7.2 |. Genetic condition

CCHS is caused by mutations in the PHOX2B gene and is inherited in an autosomal dominant pattern. Most mutations in PHOX2B are expansions of the polyalanine repeat region in exon 3. Normally, individuals have 20 repeats of three nucleotides encoding the amino acid alanine. When this region expands to 25 or greater alanine repeats, individuals are affected by CCHS. Individuals with 24 repeats and some individuals with 25 repeats can have a mild clinical presentation. Due to the repetitive nature of the polyalanine region, these types of mutations can be difficult to detect by traditional sequencing methods and targeted fragment length analysis may be necessary to characterize these variations.¹⁴⁴ Some individuals with CCHS have other types of mutations in the PHOX2B gene, primarily frameshift variants.¹⁴⁹

The majority of repeat expansions occur as de novo mutations; however, a subset of asymptomatic parents have been found to have somatic mosaicism for the polyalanine repeat variations identified in their children.^150,151 Somatic mosaicism can be difficult to detect, but this is an important finding because it suggests that the recurrence risk of CCHS in future children of these individuals may not be negligible as compared to most other conditions caused by primarily de novo mutations that are rarely known to recur in families.

PHOX2B encodes a homeobox domain transcription factor that is expressed during embryonic development and important for proper formation of the peripheral and central autonomic nervous systems. PHOX2B is essential for the development of hindbrain motor neurons and neural crest cells.¹⁴⁹ Although mutations in PHOX2B are generally repeated expansion variations or frameshift variants, which usually have a loss-of-function impact on gene function, it is thought that pathogenic mutations in PHOX2B cause disease via a dominant-negative effect. This dominant-negative effect is hypothesized to occur when the abnormal protein product from the mutated allele dimerizes with the normal protein product of the wild type allele and disrupts its function.^144,152

8 |. CONCLUSION

The genetic determinants for a growing number of pediatric pulmonary diseases have been identified. Recent advances in genetic testing technology combined with the reduced cost of genetic testing have made genetic evaluation a routine and integral component of the diagnostic work-up. It is important that pediatric pulmonologist be aware of the latest developments in pulmonary genetic disease and how to obtain genetic testing in the most effective manner.
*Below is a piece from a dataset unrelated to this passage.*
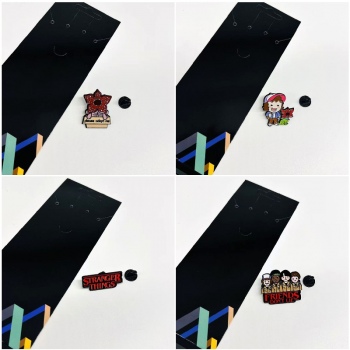 Stranger Things anime alloy brooch pins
Genetic evaluation and diagnosis is the first step in caring for a patient with a genetic condition. Individuals with a confirmed genetic condition should be connected with the appropriate registries and guideline-directed care should be followed. In the future, genetic therapies for an increasing number of these conditions will become available. In summary, genetics is a crucial component of pediatric pulmonary medicine and understanding and properly incorporating genetic evaluation in the pulmonary clinic is becoming a standard of care.